Integration, on the other hand, is the process of finding the integral of a function, which can be thought of as the opposite of differentiation. It helps in finding areas under curves, among other applications.

• The Mean Value Theorem (MVT), a fundamental theorem in calculus, connects differentiation with the average rate of change of a function.
• MVT asserts that, given a function continuous on \([a, b]\) and differentiable on \( (a, b) \), there exists at least one point where the instantaneous rate of change (derivative) matches the average rate of change over \([a, b]\).

Understanding calculus is critical for solving problems related to the behavior of functions, like the inequality demonstrated in our exercise.

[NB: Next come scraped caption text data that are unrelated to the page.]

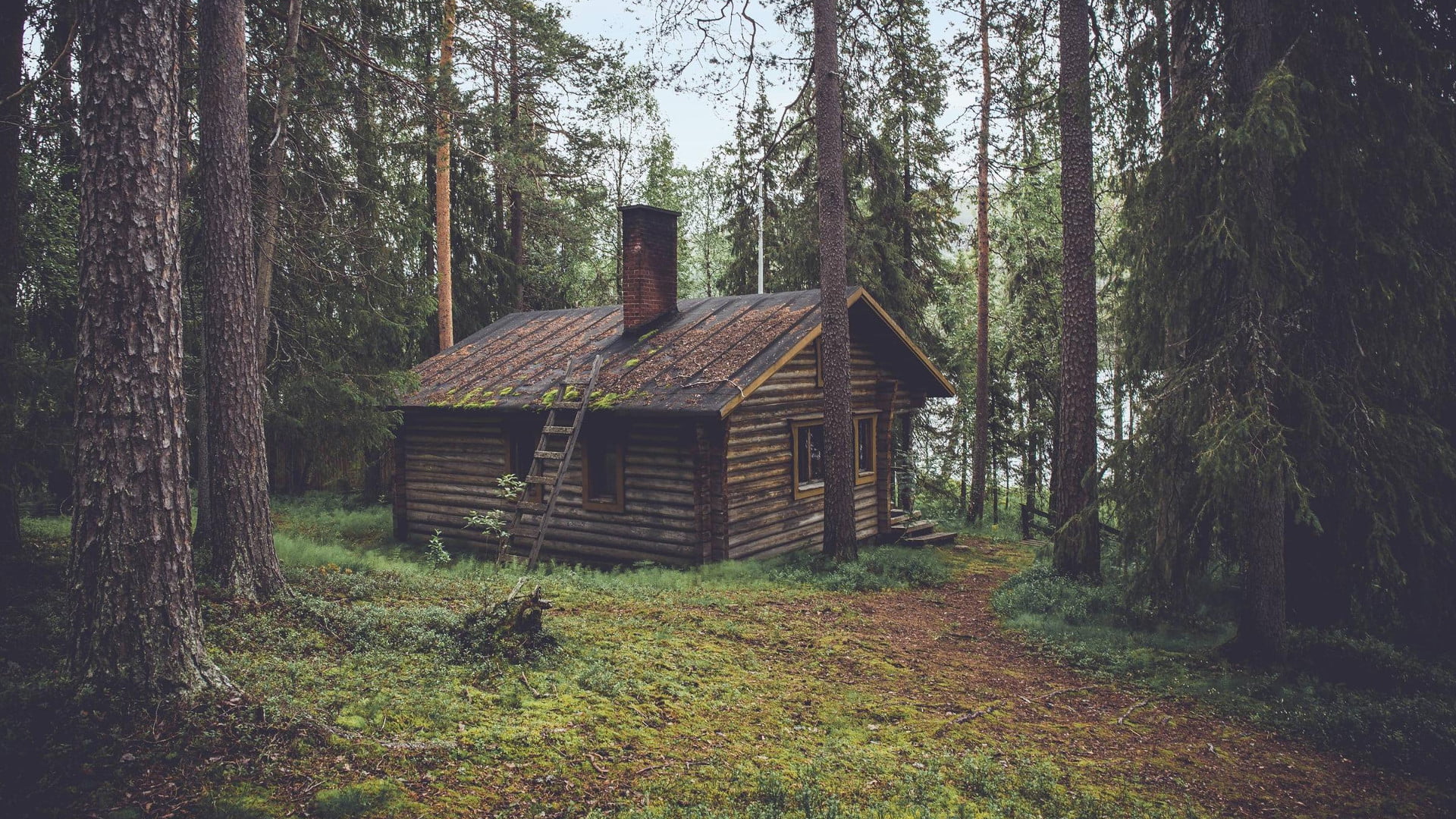 1080P, day, trunk, hut, land, plant, woodland, growth, built structure, wood - material, brown, nature, cabin, no people, architecture, landscape, field, HD Wallpaper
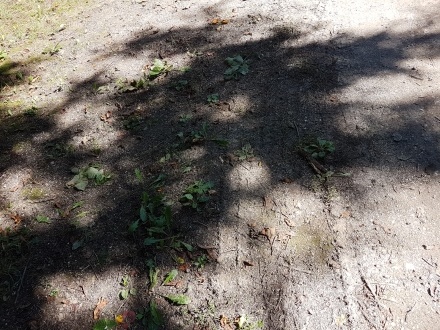 Licht_Titel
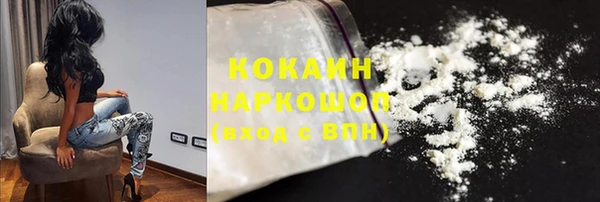 винт Пересвет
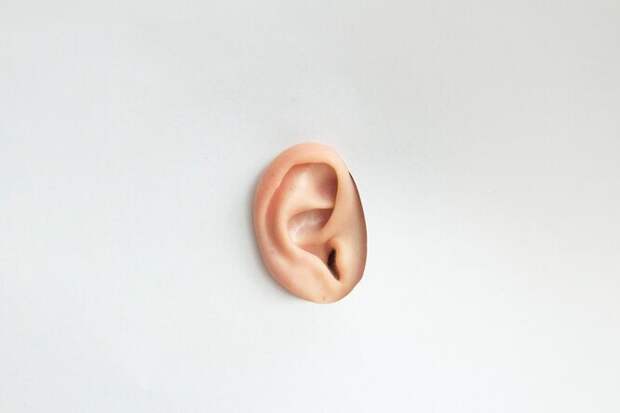 Каким считается "золотой стандарт" размера ушей? Длина мужской ушной раковины должна составлять 50-82 мм, а ширина — 32-52 мм. У женщин длина уха приблизительно равна 50-77 мм, а ширина — 28-45 мм.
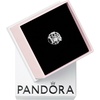 image:imagePANDORA Openwork Chain Link Padlock Charm  Gift for Her  Compatible Moments  Sterling Silver  With Gift Box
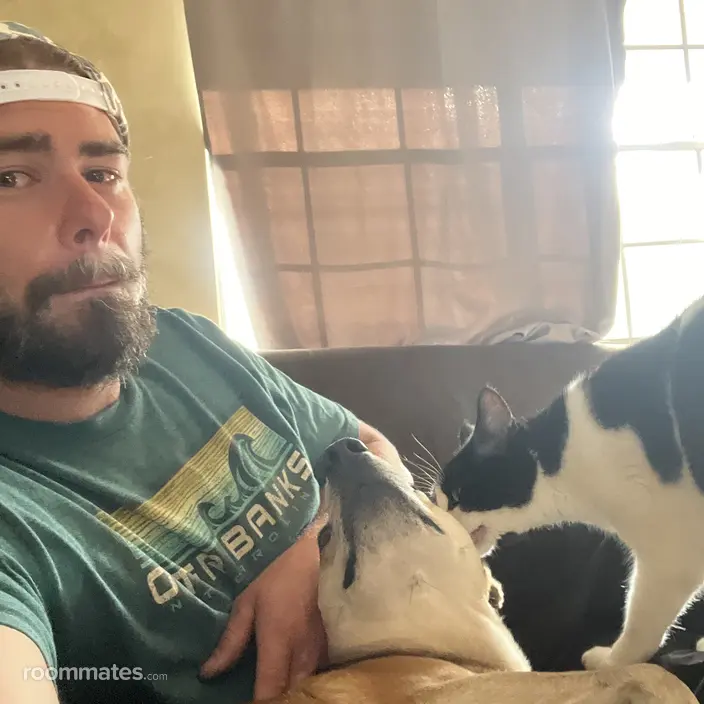 Roommate looking Saint Augustine, FL, $1200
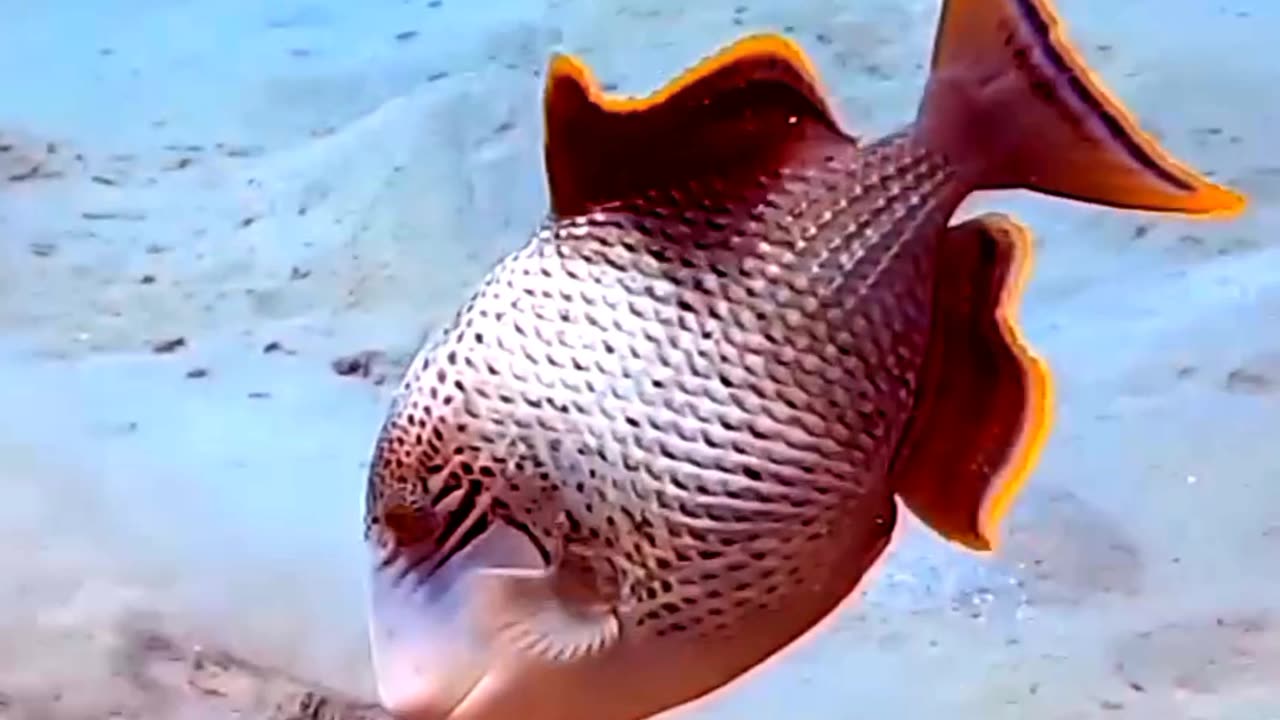 Satisfying Big Beautiful Fish ASMR That Makes You Calm Original Satisfying Videos PART - 81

An inequality proof is a mathematical demonstration showing that one quantity is less than, greater than, or similar to another. In this exercise, we aimed to prove an inequality using the Mean Value Theorem.

The problem stated aims to show \(|f(b) - f(a)| \leq M(b-a)\) given that \(|f'(x)| \leq M\). Validating this involves several steps that ensure our conclusions are based on solid mathematical grounding.

• First, we apply the Mean Value Theorem, which implies the existence of a point \(c \) such that \( f'(c) = \frac{f(b) - f(a)}{b - a} \).
• Recognize that since \(|f'(x)| \leq M\) holds for all \(x\), it must also hold for \(c\).
• Hence, use the inequality \(| f'(c) | \leq M\) to establish \(|\frac{f(b) - f(a)}{b - a}| \leq M\).
• Finally, multiply through by \(b-a\) to yield the desired \(|f(b)-f(a)| \leq M(b-a)\).

This chain of logical steps is crucial in demonstrating the relationship between the change in the function's value and its derivative, leading to the conclusive inequality.

Differentiability is a property of a function that indicates it has a well-defined derivative at each point in a certain interval. For a function to be differentiable at a point, it must be smooth and have no corners, cusps, or discontinuities at that point.

The significance of differentiability in the context of the Mean Value Theorem is paramount. The theorem requires that the function is differentiable on the open interval \( (a, b) \). This is because the conclusion of the theorem hinges on the existence of a derivative that reflects how the function transitions between two endpoints, \(a\) and \(b\).

• If a function is not differentiable at any point within the interval, the Mean Value Theorem doesn't apply, as it relies on the consistency of the derivative to find a specific point \(c\).
• Differentiability ensures the function doesn't have abrupt changes, allowing us to use derivatives meaningfully to figure out the rate of change.

The property of differentiability is what enables mathematicians to make predictions about the behavior of functions over intervals, such as those seen in this exercise.

Continuity is a foundational concept that describes a function that is unbroken and without interruptions over a domain. A function is continuous if you can draw its graph without lifting your pencil off the paper. This smoothness is crucial for many theorems in calculus, including the Mean Value Theorem.

The Mean Value Theorem requires the function to be continuous on the closed interval \([a, b]\). Here’s why continuity matters:

• Continuity ensures that there are no jumps or breaks in the function's graph. This is essential as any discontinuity means there could be an undefined or infinite derivative, violating the conditions of the Mean Value Theorem.
• The presence of continuity guarantees that the function possesses a value at every point within \([a, b]\), ensuring the transition across the interval is smooth.

Without continuity, there can be no assurance of the existence of the specific point \(c\) dictated by the Mean Value Theorem. Thus, in this exercise, continuity is just as vital as differentiability to establish the given inequalities using the theorem.